Finally, new hydrogen peroxide formulations have a more stable chemistry, known as peroxydone, and have improved the adhesive qualities of gels, which bind the hydrogen peroxide to the surface of the tooth. This improves the contact time of the active ingredients and lowers the likelihood of sensitivity, as the gel stays on the tooth and away from the soft tissue. For at-home whitening, the peroxydone allows the user to apply the whitening gel directly to the teeth without drying out and irritating the soft tissue. Polyethylene strips use this technology by allowing the user to target the whitening gel to the tooth.

Whitening Options

The American Dental Association (ADA) has identified four types of teeth-whitening treatments: in-office, take-home, over-the-counter (OTC), and other. Both in-office and take-home treatments are professionally backed, with a dentist conducting an in-office examination and performing a chairside whitening treatment before dispensing the take-home kit to the patient.

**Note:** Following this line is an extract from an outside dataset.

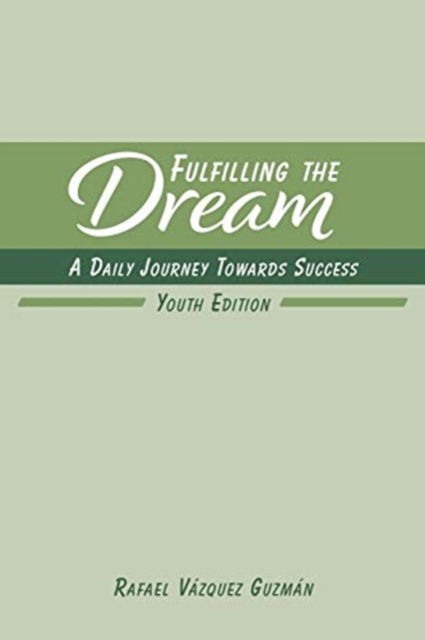 Cover for Rafael Vazquez Guzman · Fulfilling The Dream (Paperback Book) (2024)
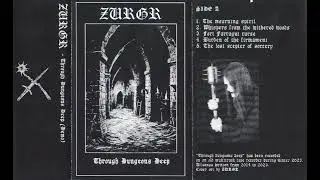 Zurgr - Through Dungeons Deep ( Italy - Full Demo - 2024)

In-office whitening usually offers hydrogen peroxide at a higher concentration (up to 35%) and activates the solution by heat from laser or light energy. The process requires a barrier for tissue isolation, usually gauze for the lips and upper gums and a cured barrier for the gingiva. It offers the quickest results, with several shade changes within the hour.

The professional whitening lights that sit outside the mouth usually require three or four 16-minute sessions, creating a high degree of heat (over 67°C), causing a quick increase of intrapulpal pressure, ie, the zingers (Figure 4). The energy from lights has been shown to create increased free radical production and greater uptake, and the heat accelerates the reaction rate of hydrogen peroxide.

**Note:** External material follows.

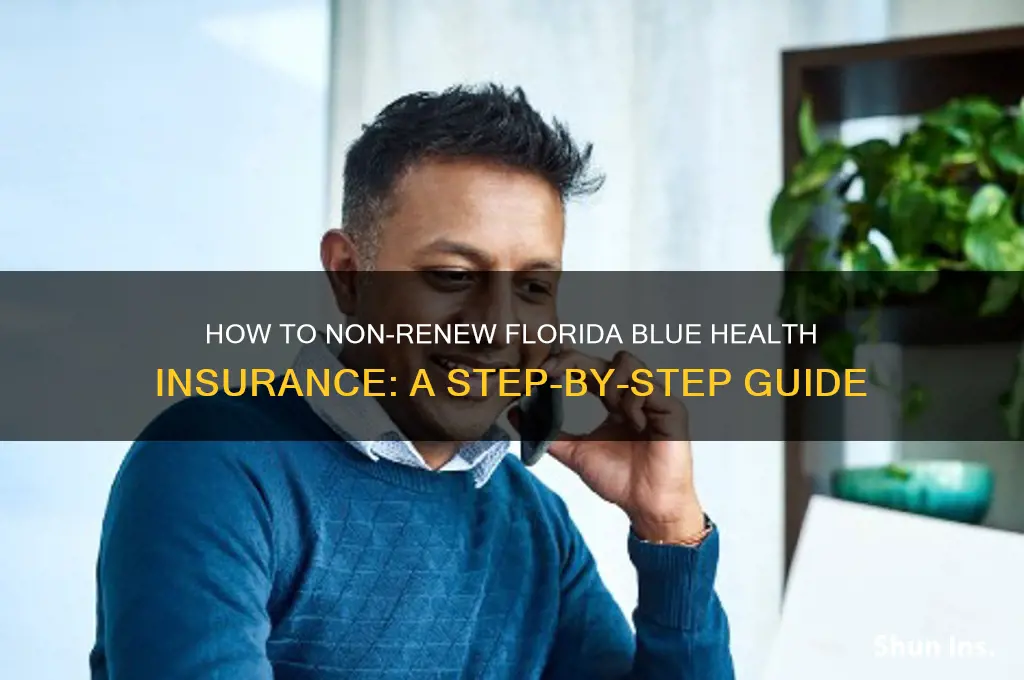 how do i non renew florida blue health insurance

The other technique for in-office whitening requires the patient to sit with higher-concentration gels plus custom whitening trays with no light or heat. The in-office hydrogen peroxide or carbamide peroxide gels have higher concentrations than those used at home, with the aim of jump-starting the whitening process. However, there is no breakdown of hydrogen peroxide, so the whitening is less efficient.

The professional take-home kits with custom whitening trays (25-year-old technology) have a lower chemical concentration of either carbamide peroxide or hydrogen peroxide gel, which is placed into custom-fitting trays and worn at night (for a longer wear time) or during the day (for a shorter wear time). Take-home kits may yield the same results as in-office treatment but over a longer period of time, greatly increasing exposure time to the teeth as well as the soft tissue. This prolonged exposure causes greater sensitivity.

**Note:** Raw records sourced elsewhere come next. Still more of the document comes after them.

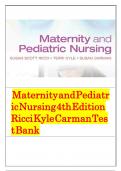 Test Bank - Maternity and Pediatric Nursing 4th Edition By Susan Ricci; Theresa Kyle; Susan Carman 9781975139766 Chapter 1- 51 Complete Guide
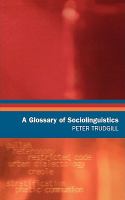 A glossary of sociolinguistics /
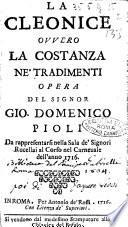 La Cleonice ouuero La costanza ne' tradimenti opera del signor Gio. Domenico Pioli da rappresentarsi nella sala de'signori Rucellai al Corso nel carneuale dell'anno 1716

OTC whitening treatments are available nearly everywhere. They can even be purchased by the consumer without a dental examination, meaning there is no professional oversight of the process and extrinsic stains are not removed beforehand. These treatments come in strips, wraps, boil-and-bite trays, and paint-on form, and they are inconsistent, with no customization of the whitening regimen. Because many OTC products have not gone through the rigorous testing seen with professionally dispensed products, some overstate their effectiveness, and many are under scrutiny for their lack of safety and supervision.

Used together, in-office and take-home kits are called “dual whitening,” and the combination is easily the quickest, safest, and most effective way to whiten.10 Done alone, the effects of in-office whitening will regress in as few as 7 days, while at-home kits provide no jump-start to the whitening process. In addition, the teeth and gums are exposed to the carbamide or combination hydrogen peroxide gel for long periods with stand-alone take-home kits, increasing the likelihood of sensitivity.

Conclusion

Not all whitening methods or products are created equally. In order to select a whitening strategy best suited for patients’ needs, it is important to explore all the possible options and understand the whitening process. Innovative manufacturers are working to combine all of the positive factors of whitening while eliminating the compromises that cause sensitivity. Ideal whitening products combine the technology of heat and light in a closed system. The presence of the lights facilitates increased free radical production, while the heat speeds up the reaction rate of hydrogen peroxide. Furthermore, a closed system mouthpiece prevents the whitening oxygens from escaping into the atmosphere. Instead, they bombard the tooth surface and whiten more efficiently. This closed system, in conjunction with take-home kits—termed “dual whitening”—is the whitening method that delivers the safest, fastest, and most satisfying results.

Acknowledgements

The author would like to thank Rachel O’Connor for her assistance with this manuscript.

References

1. Watts A, Addy M. Tooth discolouration and staining: a review of the literature. Br Dent J. 2001;190:309-316.

2. Fasanaro TS. Bleaching teeth: history, chemicals, and methods used for common tooth discolorations. J Esthet Restor Dent. 1992;4(3):71-78.

3. Kugel G, Aboushala A, Zhou X, Gerlach RW. Daily use of whitening strips on tetracycline-stained teeth: comparative results after two months. Compend Contin Educ Dent. 2002;23:29-34.

4. Palo RM, Bonetti-Filho I, Valera MC, et al. Quantification of peroxide ion passage in dentin, enamel, and cementum after internal bleaching with hydrogen peroxide. Oper Dent. 2012;37(6):660-664.

5. Frysh H. Chemistry of bleaching. In: Goldstein RE, eds; Complete Dental Bleaching. 1st ed. Hanover Park, IL: Quintessence Publishing; 1995:25-32.

6. Browning WD, Blalock JS, Frazier KB, et al. Duration and timing of sensitivity related to bleaching. J Esthet Restor Dent. 2007;19(5):256-264. 7. Cohen SC. Human pulpal response to bleaching procedures on vital teeth. J Endod. 1979;5(5):134-138.

8. Robertson WD, Melf RC. Pulpal response to vital bleaching procedures. J Endod. 1980;6(7):645-648.

9. Haywood VB, Caughman WF, Frazier KB, Myers ML. Tray delivery of potassium nitrate-fluoride to reduce bleaching sensitivity. Quintessence Int. 2001;32(2):105-109.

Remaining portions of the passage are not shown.